I ² R Losses and Thermal Management in Long Power Path Routes

As AI xPU processors continue to increase in current, the density of PoL power delivery solutions has become a critical factor. It is now extremely difficult to reliably deliver power to each part of the xPU without worrying about the dissipated heat affecting the reliability of the chip and causing thermal runaway. In other words, thermal management is one of the major challenges in designing such high-power power supplies. The traditional power delivery method places the regulator on one side of the xPU to transfer power laterally to the processor. Even the smallest resistance of these traces can cause unacceptable voltage (I ² R) drops. The voltage drop across the resistance of the PCB power plane increases proportionally with the increase in xPU current. This means that a few centimeters of PCB power traces between the VR and the BGA pins will generate a lot of losses. Such losses in the PCB copper power plane have become a dominant factor in computing the efficiency and performance of the regulator design. Compared with the traditional 3-chip (discrete) power delivery solution that requires a large number of high-current traces, the use of a single-chip power stage IC with integrated current and temperature circuit blocks can greatly reduce the number of traces on the PCB.

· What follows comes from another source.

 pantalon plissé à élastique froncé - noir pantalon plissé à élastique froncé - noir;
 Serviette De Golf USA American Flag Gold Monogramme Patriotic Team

ADI value proposition : MAX16602 + MAX20790 + coupled inductor

The accuracy of AI regulators has become more stringent. Efficiency and size are top priorities. Performance and power consumption are also under scrutiny. As mentioned in the previous section, solving AI accelerator card VR design problems has become a difficult task. Designers are well aware that large steps in the required current cannot be generated without effectively handling unwanted transient effects. Addressing these transient effects also requires some type of high-precision dynamic voltage positioning or load line scheme. Analog Devices has invested heavily in the AI ​​market and provides a complete solution for 48 V and 12 V systems. This section introduces the ADI AI multiphase power chipset, namely the MAX16602 multiphase controller and the MAX20790 power stage, as well as our patented coupled inductor (CL) technology to help solve these AI PoL design challenges. Figure 2 shows the simplified block diagram connection of the MAX16602, MAX20790, and CL for the 8-phase MAX16602CL8_EV design. This relatively simple design achieves a high current delivery capability of approximately 88 A _PK per phase. Internal compensation and advanced control algorithms, along with integrated current sensing circuitry in the power stage and coupled inductors, make this a small size solution with excellent efficiency.

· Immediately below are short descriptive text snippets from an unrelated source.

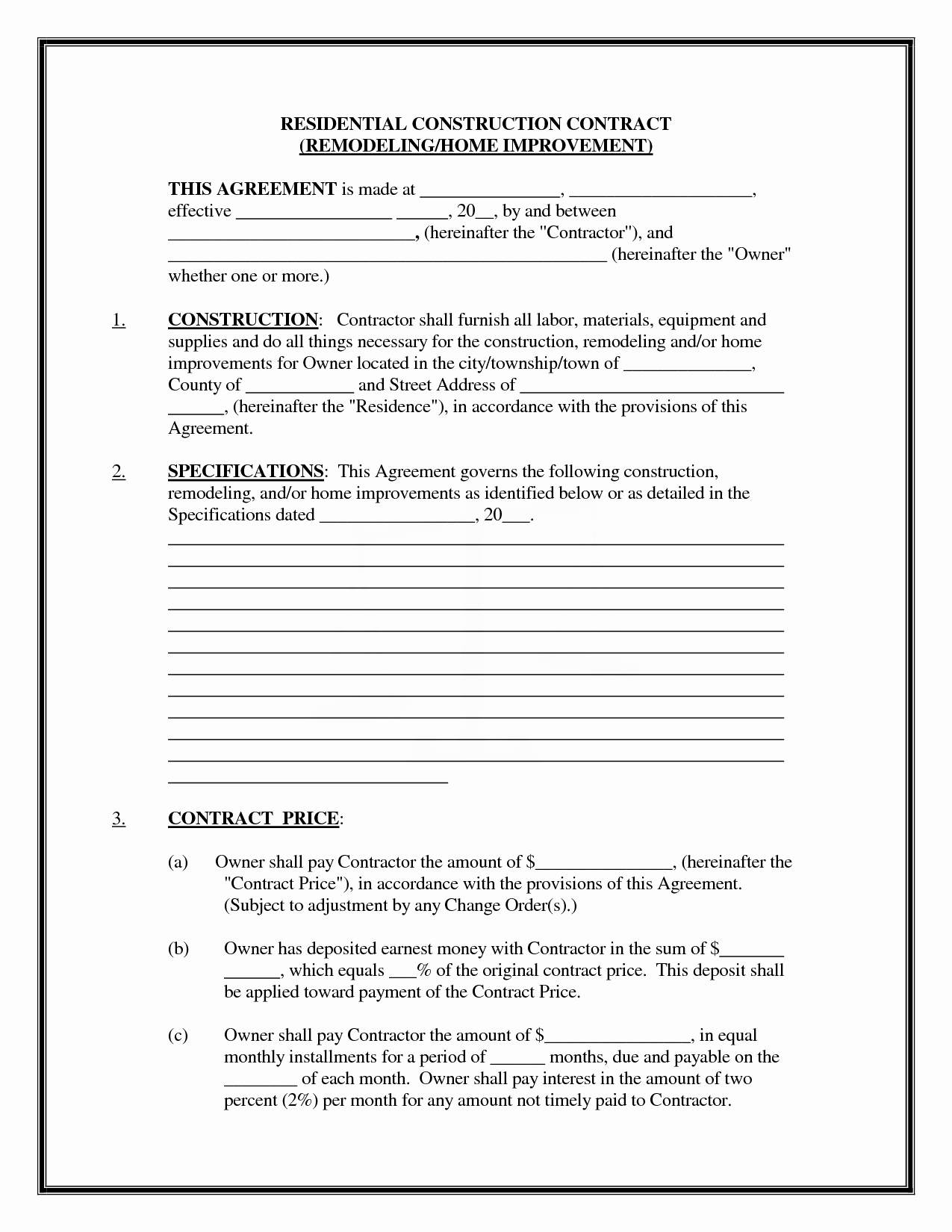 Construction Contract Template Free Awesome Pics Of Residential Construction Contracts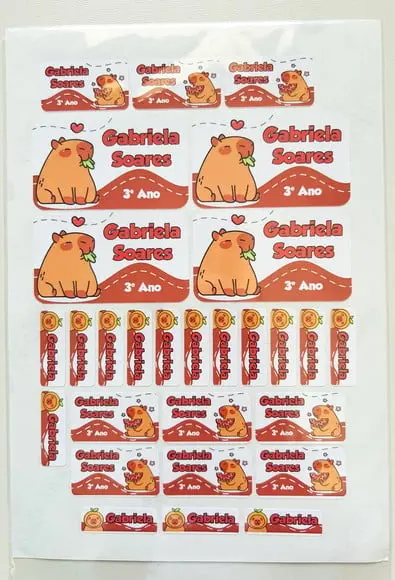 Etiqueta Escolar - Capivara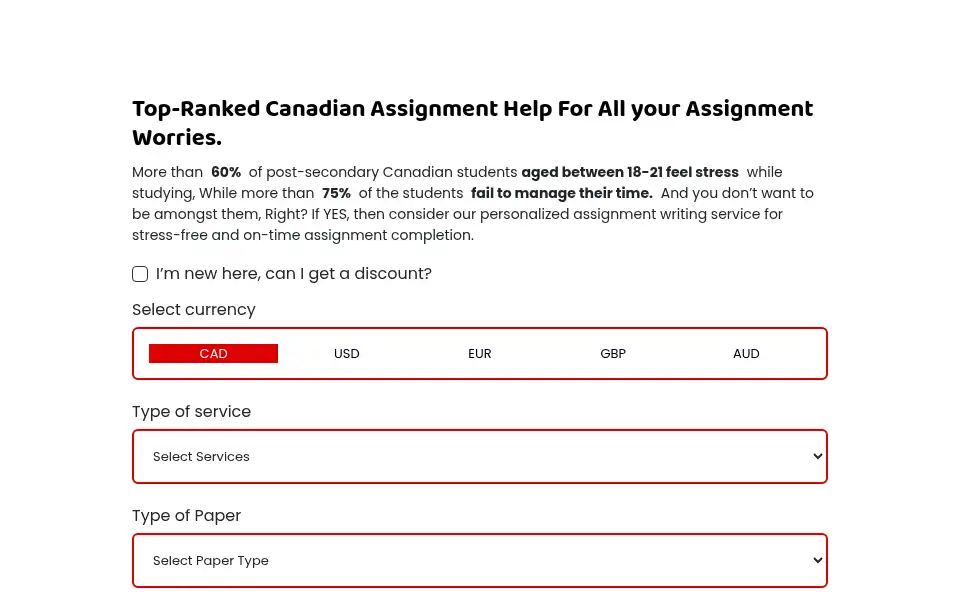 Screenshot of canadaassignmenthelp.ca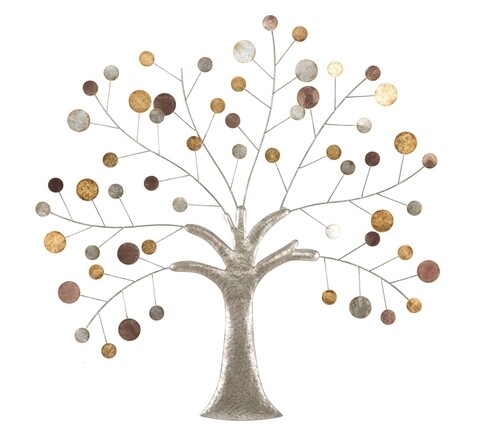 Decoratiune de perete 3D Tree, Mauro Ferretti, 88×88 cm, fier, multicolor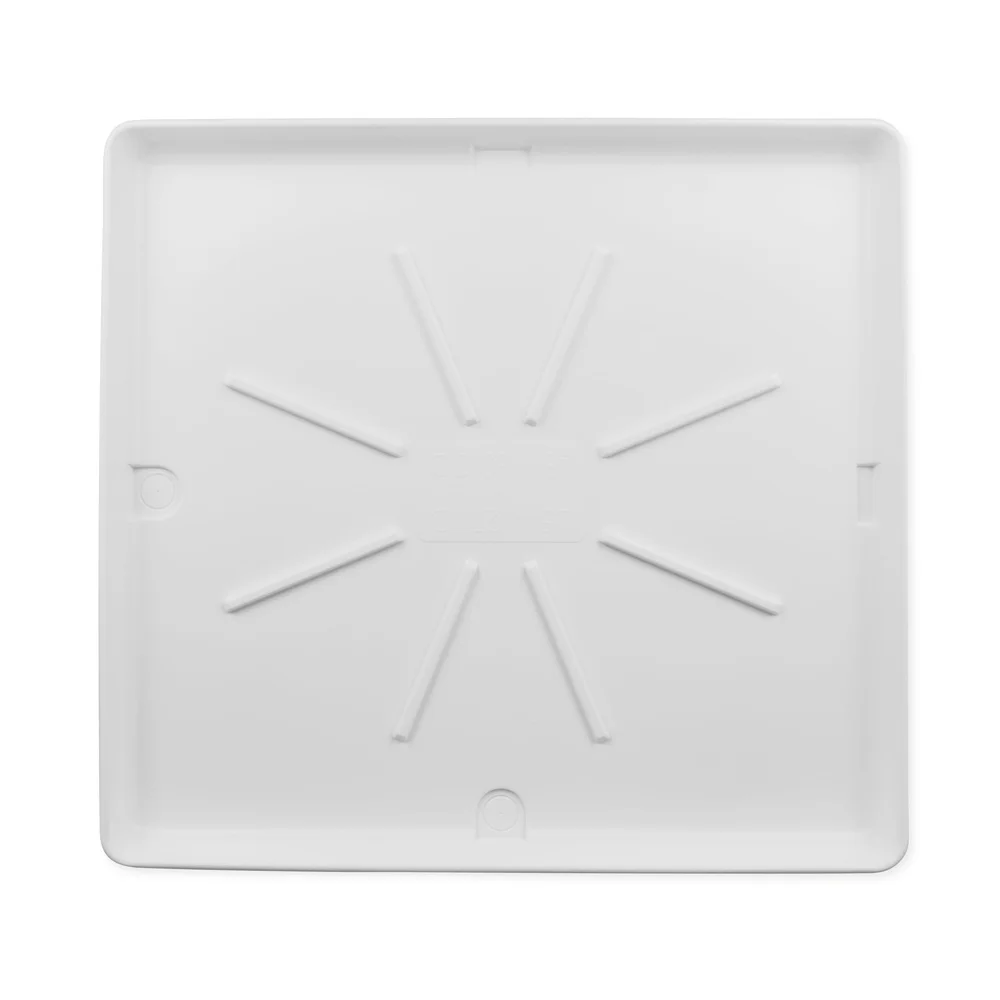 Сливная поддон для стиральной машины, наружный диаметр 30 дюймов, фитинг из ПВХ, штабелируемые блоки, прочный полипропилен, белая матовая отделка, нижняя боковая розетка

Figure 2. An 8- phase VR design using ADI ’s highly integrated power chipset helps achieve high-density design while reducing external connections.

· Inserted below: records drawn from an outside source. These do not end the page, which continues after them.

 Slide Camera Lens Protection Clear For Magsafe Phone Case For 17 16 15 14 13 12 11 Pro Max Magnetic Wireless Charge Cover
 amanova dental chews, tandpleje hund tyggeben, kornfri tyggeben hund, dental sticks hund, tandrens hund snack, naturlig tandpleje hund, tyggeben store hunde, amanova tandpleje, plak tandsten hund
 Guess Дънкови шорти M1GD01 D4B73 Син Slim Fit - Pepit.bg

Single-chip intelligent power stage IC with higher integration density

The MAX20790 is a feature-rich smart power-stage IC designed to work with the MAX16602 (and several other ADI controllers in this product family) to implement high-density multiphase regulators. This monolithic integration virtually eliminates the parasitic resistance and inductance between the FETs and drivers that are common in discrete designs, allowing high switching speeds with significantly lower power losses than traditional solutions. If a switch node (V _X ) fault is detected, the power stage is immediately shut down and the fault ID is communicated to the controller. The smart power-stage IC also has an on-chip current sensor. This current sensing circuit block is clearly superior to the method using the inductor DC resistance. It is well known that DCR sensing is inaccurate and requires temperature compensation to make the current measurement reliable.